Über die Maßgeblichkeit der Handelsbilanz für die Steuerbilanz, § 5 Abs. 1 S. 1 EStG, werden die Ansatzkriterien ins Steuerrecht übernommen. Es ist jedoch der Bewertungsvorbehalt zu beachten, § 5 Abs. 6 EStG. Damit unterliegen immaterielle Wirtschaftgüter des Anlagevermögens einem Aktivierungsverbot, sofern sie unentgeltlich erworben (hergestellt) wurden, § 5 Abs. 2 EStG. Bei Ausübung des Aktivierungswahlrechts des § 248 Abs. 2 Satz 1 HGB in der Handelsbilanz ergeben sich entsprechend latente Steuern nach § 274 HGB.
Die handelsrechtliche Definition der Herstellungskosten ist inhaltlich mit der des Steuerrechts identisch, R 6.3 EStR. Im Steuerrecht kommt ebenso der pagatorische Ansatz zum Tragen, damit scheiden kalkulatorische Kosten aus.
Auch steuerrechtlich müssen neben den Material-und Fertigungseinzelkosten die dazugehörigen Gemeinkosten aktiviert werden.
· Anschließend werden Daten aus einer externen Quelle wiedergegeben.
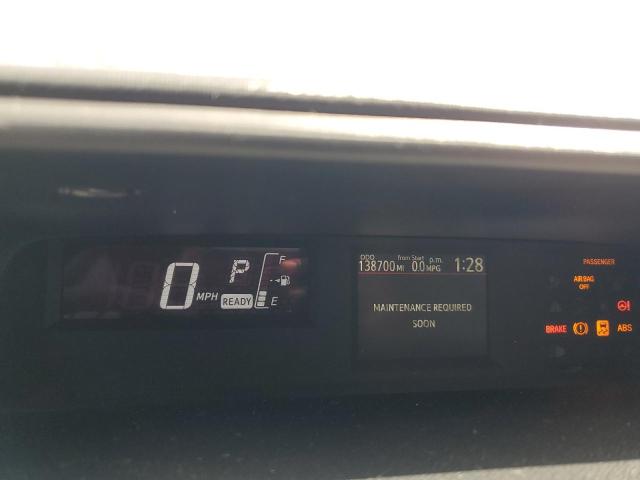 JTDKDTB37F1090529 - 2015 TOYOTA PRIUS C 蓝色 照片 9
Als Wertverzehr des Anlagevermögens ist grundsätzlich der Betrag anzusetzen, der bei der Bilanzierung des Anlagevermögens als Absetzung für Abnutzung (AfA) zu berücksichtigen ist, R 6.3 Abs. 3 S. 1 EStR. Es ist nicht zu beanstanden, wenn der Steuerpflichtige, der bei der Bilanzierung des Anlagevermögens die degressive AfA vorgenommen hat, bei der Berechnung der Herstellungskosten der Erzeugnisse die lineare AfA berücksichtigt, R 6.3 S. 2 EStR.